農業を変えるオープンソースハードウェアとファブ

オープンフィールドサーバ(Open-FS)のマザーボード基板。独自に開発した基板の上にArduinoを搭載している。 オープンフィールドサーバ(Open-FS)のマザーボード基板。独自に開発した基板の上にArduinoを搭載している。

メーカーの開発スケジュールに翻弄されていた中、Arduinoなどオープンソースハードウェアの導入を真剣に検討し始めたのがリーマンショック直後の2009年だった。

「その頃のメーカーの元気のなさにとどめを刺されたときに、オープンソースハードウェアっていうトレンドが世界で広まりつつありました。ただ、その当時のArduinoは今とは比べものにならないほど頼りないスペックで、大半の人は見向きもしない状況だったんですけど、そのどうしようもないものでも周辺機器がしっかりしてくると、世の中をひっくり返す革新性があるんですよね。

僕はAppleが『Apple IIでイノベーションを起こしたのをリアルタイムで見ていたので、同じような可能性があると思い、試しにArduinoベースで試作品を作ってみたんです。Arduinoだけでは十分に性能が出ない部分もありましたが、簡単な工夫ですぐに何とかなってすぐに完成しちゃったんです。 

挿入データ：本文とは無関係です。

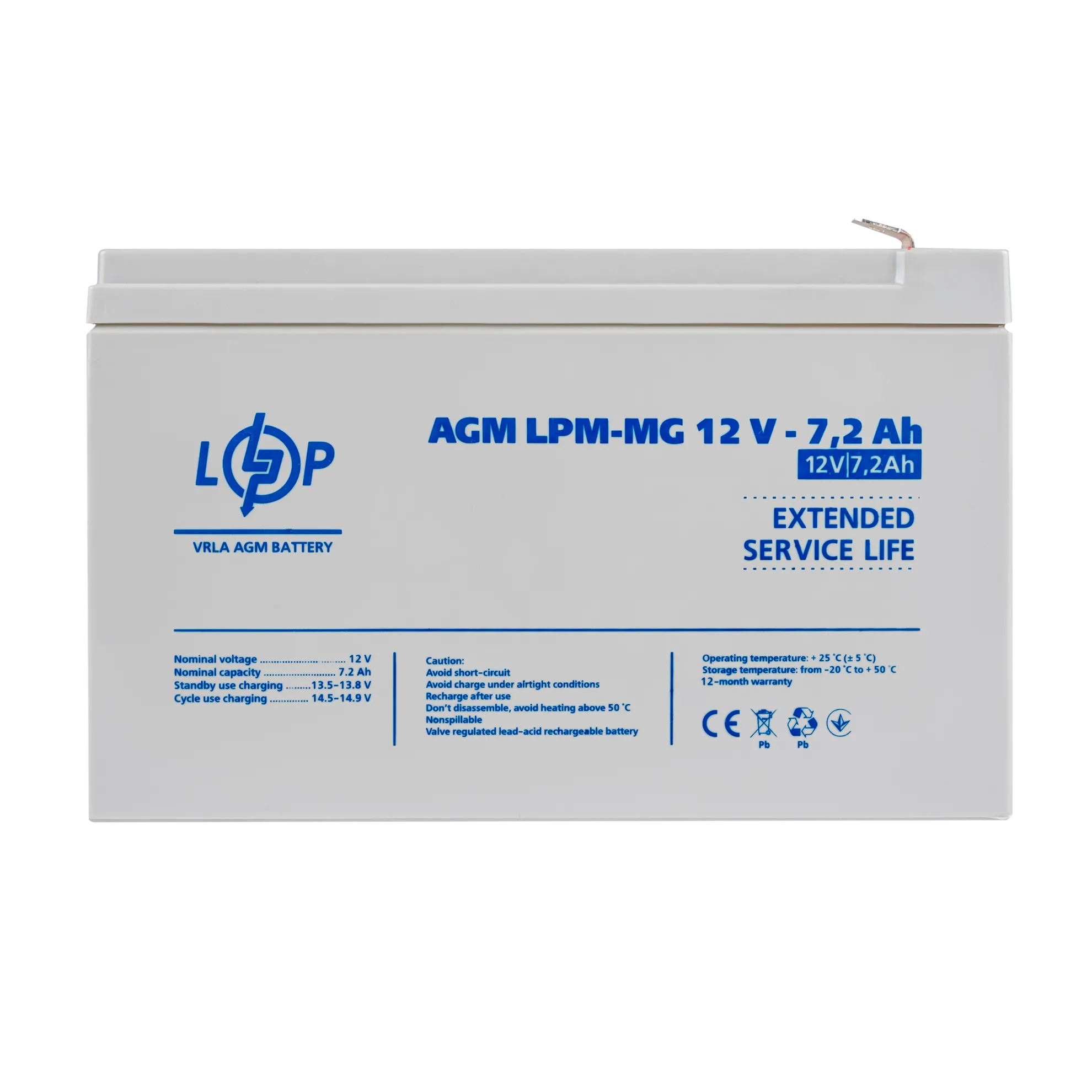 ��������� ���������� ������������� LPM-MG 12V - 7.2 Ah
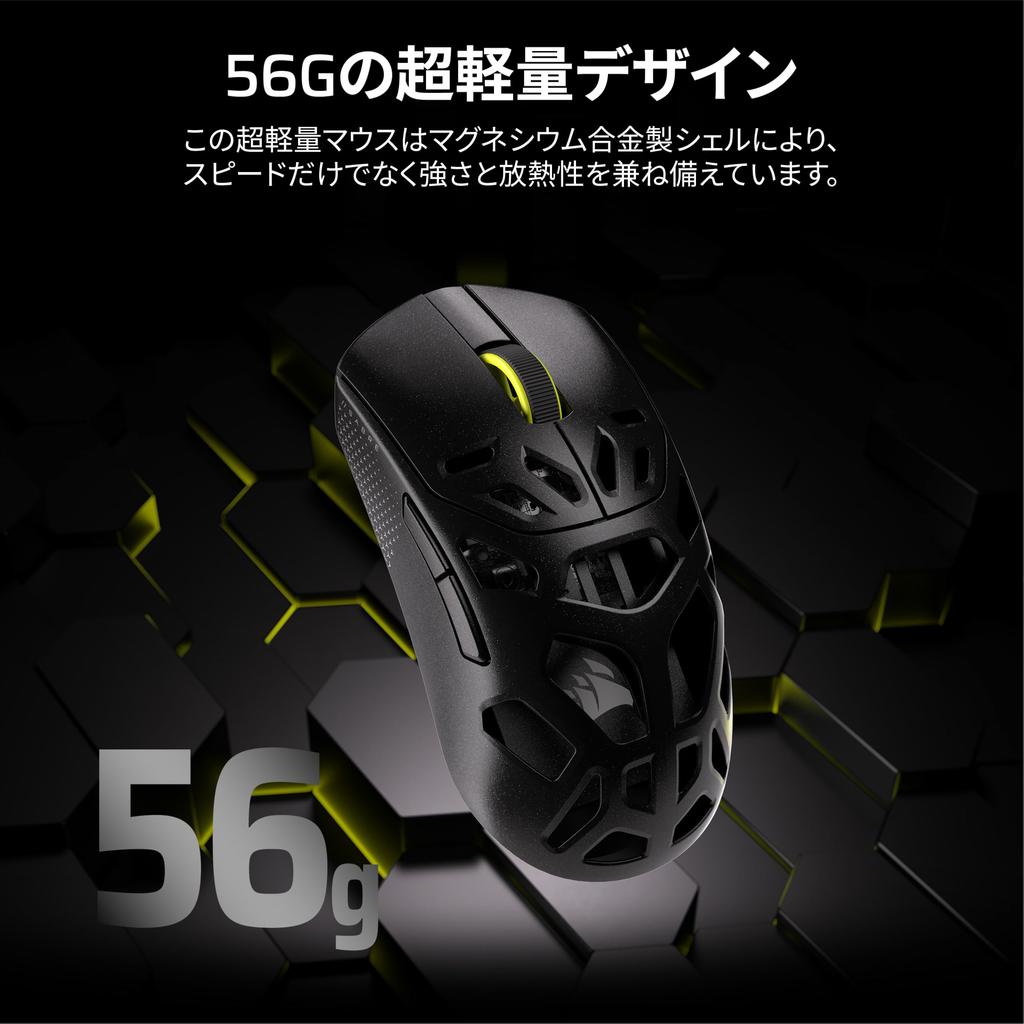 Беспроводная игровая мышь CORSAIR SABRE v2 PRO MG для FPS CORSAIR MARKSMAN S 33K DPI 8000 Гц Прочная Беспроводное время работы до 120 часов Черный – Сенсор,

それまでだったらものすごいお金と時間がかかっていたものが一瞬でできて、ソフトウェアもArduino IDEという開発環境があるのですぐにできてしまって、これまでヘトヘトになるまで投入していたエネルギーとコストは何だったんだろうというぐらい簡単にできちゃったんですよね」

オープンソースハードウェアベースでの開発に切り替えた平藤さんの予想通り、決定的なプロダクトが登場するのに時間はかからなかった。

「IntelがArduino IDEをサポートしたEdisonというCPUモジュールを開発したことで、世の中の流れが大きく変わったことを感じましたね。『あんなのおもちゃでしょ』といってばかにする人がいても、世界のIntelがオープンソースのArduinoにかじを切っちゃうと、もうこっちが本流になってくる。

オープンソースの世界では、多少のトラブルにぶつかっても世界中のユーザーがネットで解決方法や情報を公開しているし、これまで一人でつまずいていた部分も一気に進められて、オープンソースハードウェアを使わない理由が無いところまで来てしまった」

オープンソース化の恩恵はマイコンだけではない。それまで生育状況を把握するためにネットワークカメラで映像を撮影していたが、廉価で仕様がオープンなカメラや特殊な光センサを組み込むのが簡単になった。それらへの給電をソフトウェアでコントロールして消費電力を抑えると、太陽電池の電力だけでも十分に稼働できるようになり、電源を必要としなくなった。

また通信環境も進歩し、状況に応じて無線LANから3G/LTE回線に切り替えられるようになった。GPSモジュールの組み込みも簡単になり、位置情報も正確に把握できるようになった。

さらにソフト開発のための開発環境に保守契約込みの高いライセンス費用を払うこともなくなり、1台当たりの製造コストが3分の1から10分の1程度に大幅に下がった。 

オープンソースハードウェアに移行する前のフィールドサーバを手にする平藤さん。 オープンソースハードウェアに移行する前のフィールドサーバを手にする平藤さん。